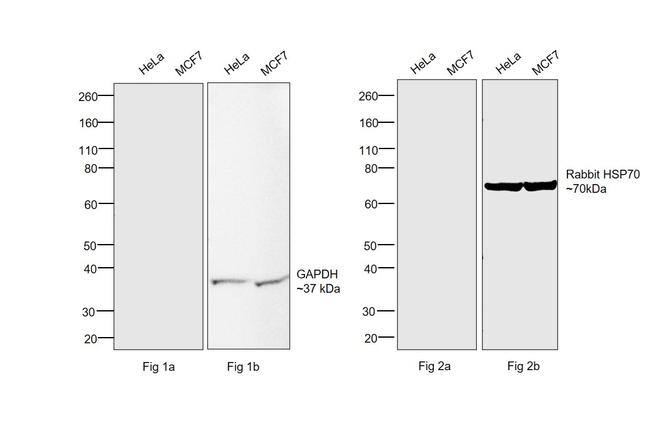 Human IgG (H+L) Secondary Antibody in Western Blot (WB)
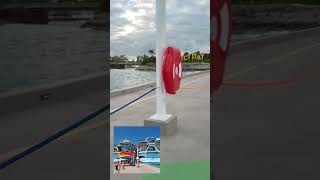 icon of the see #youtubeshorts #travel #cruiseline #viral #cruise #lifeisbutadream #cruiseship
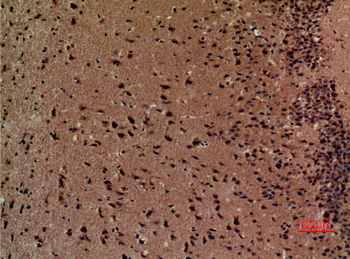 BOCT Polyclonal Antibody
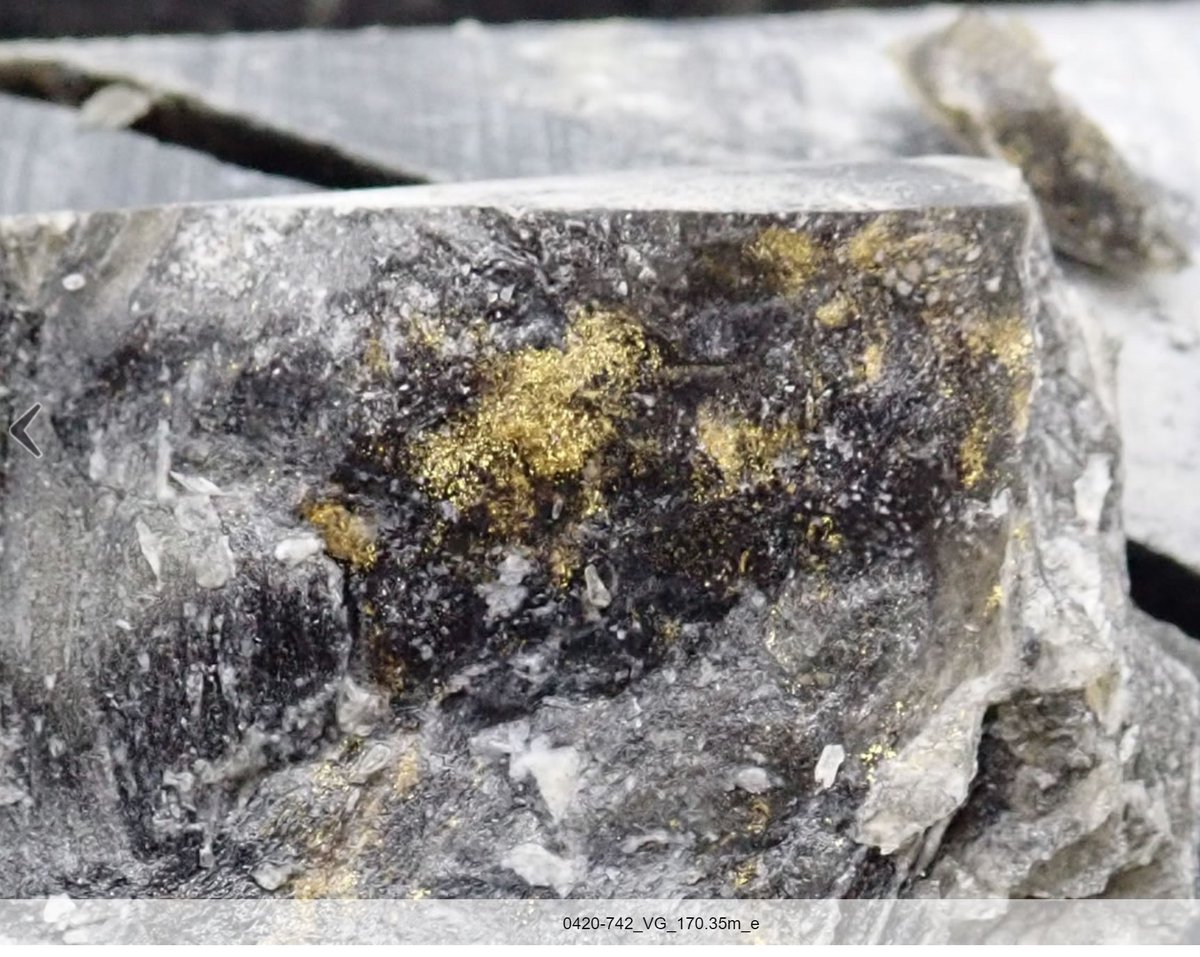 10) It remains unclear how extensive these shoots are with only limited assay data reported. But there are clues in the the RNS's which state visible gold has been reported including this beauty - which has yet to have been reported. But this offers real blue-sky upside.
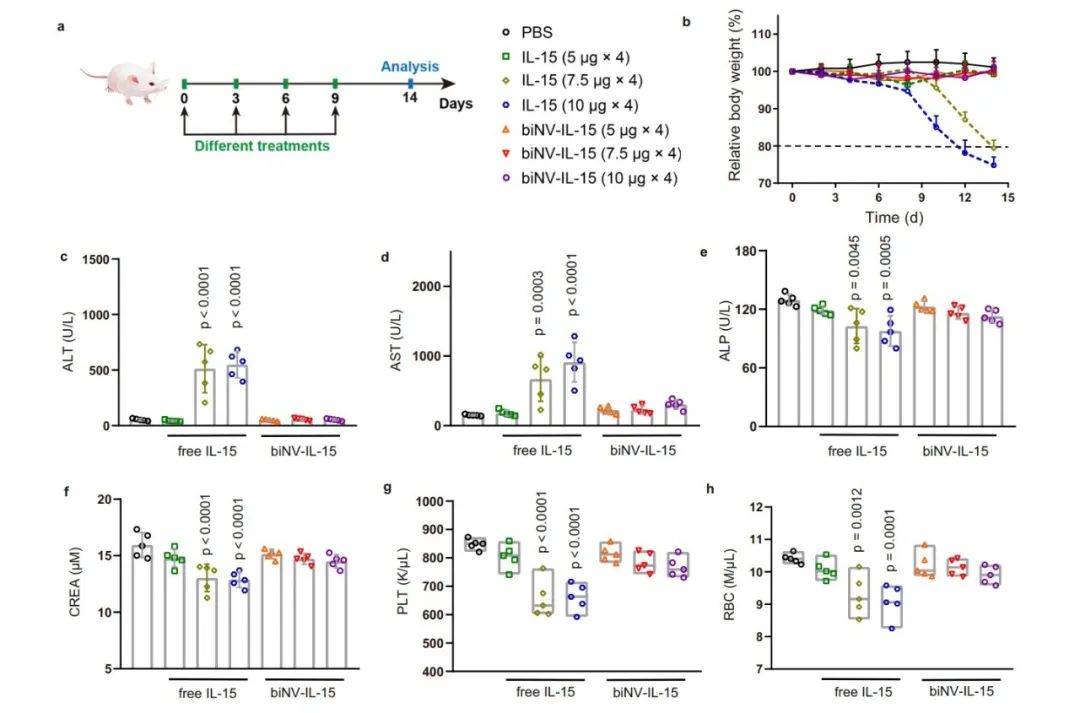 图片[5]-沈阳药科大学与新加坡国立大学报道新型多价IL-15递送策略-Hypeptide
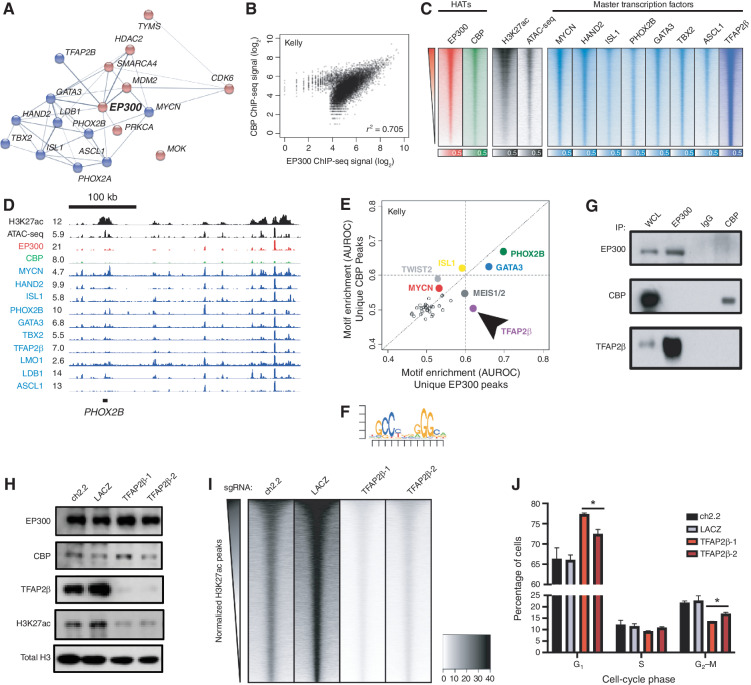 Figure 2. EP300 regulates the NB CRC directed by TFAP2β. A, STRING database interaction plot of nuclear dependency genes in NB cells. Data are derived from ref. 9. Displayed are CRC TFs in blue and proteins with available targeting compounds in red. Connecting lines indicate previously demonstrated protein–protein interactions. B, Scatter plot of log2-transformed read counts of EP300 or CBP ChIP-seq in the collapsed union of separately identified high-confidence CBP- and EP300-binding sites in Kelly cells. R indicates the Spearman correlation coefficient demonstrating a strong linear relationship in coverage. See Supplementary Fig. S2A for a similar analysis in BE2C cells. C, Genome-wide heat map analysis of chromatin composition at the collapsed union of separately identified high-confidence CRC TF–binding sites in Kelly cells. Rows ordered by EP300 signal. See Supplementary Fig. S2B for a similar analysis in BE2C cells. ATAC-seq, Assay for Transposase-Accessible Chromatin using sequencing. D, Representative ChIP-seq plots demonstrating binding of CRC factors (blue), CBP (green), and EP300 (red) at the PHOX2B CRC TF locus in Kelly NB cells. Also shown is the PHOX2B super-enhancer (H3K27ac) and open chromatin (ATAC-seq, black). Data are representative of both Kelly and BE2C cells and all CRC loci. Values represent normalized reads per million. E, Motif enrichment analysis of ChIP-seq to EP300 and CBP in Kelly NB cells. Data were restricted to the top 500 bound peaks by EP300 or CBP in Kelly NB cells. Colored dots indicate known enriched TFs. Arrow indicates specifically enriched motif, corresponding to TFAP2β. F, Position-weight matrix from analysis in D demonstrates the top enriched specific sequence under EP300 peaks compared with CBP peaks, corresponding to the consensus binding sequence for TFAP2β. G, Co-IP followed by Western blotting analysis of EP300 and CBP in Kelly NB cells. IgG, isotype-matched rabbit IgG antibody; WCL, whole-cell lysate. Data are representative of three independent co-IP Western blots. H, Kelly NB cells expressing Cas9 were infected with sgRNAs targeting TFAP2β (TFAP2β-1,2) or control loci (ch2.2, LACZ), followed by Western blotting to the shown targets. Data are representative of three independent lysates and blots. I, Genome-wide heat map analysis of H3K27ac coverage in wild-type and TFAP2β-knockout Kelly cells using cell number and Escherichia coli spike-in normalized CUT&RUN sequencing. Rows represent 6-kb regions centered on the center of the collapsed union of high-confidence peaks separately identified in each condition and are ordered by control (ch2.2) signal. J, Propodium iodide flow cytometry of Kelly NB cells expressing Cas9 and infected with sgRNAs targeting TFAP2β (TFAP2β-1,2) or control loci (ch2.2, LACZ). n = 3 independent infections and flow analyses. *, P < 0.05. Bars, SEM. See also Supplementary Fig. S2.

====

Repeat the exact lines from the first line of the data through the line containing "图片[5]-沈阳药科大学与新". Nothing else, no pictures.

** Output for this exercise **
 Human IgG (H+L) Secondary Antibody in Western Blot (WB)
 icon of the see #youtubeshorts #travel #cruiseline #viral #cruise #lifeisbutadream #cruiseship
 BOCT Polyclonal Antibody
 10) It remains unclear how extensive these shoots are with only limited assay data reported. But there are clues in the the RNS's which state visible gold has been reported including this beauty - which has yet to have been reported. But this offers real blue-sky upside.
 图片[5]-沈阳药科大学与新加坡国立大学报道新型多价IL-15递送策略-Hypeptide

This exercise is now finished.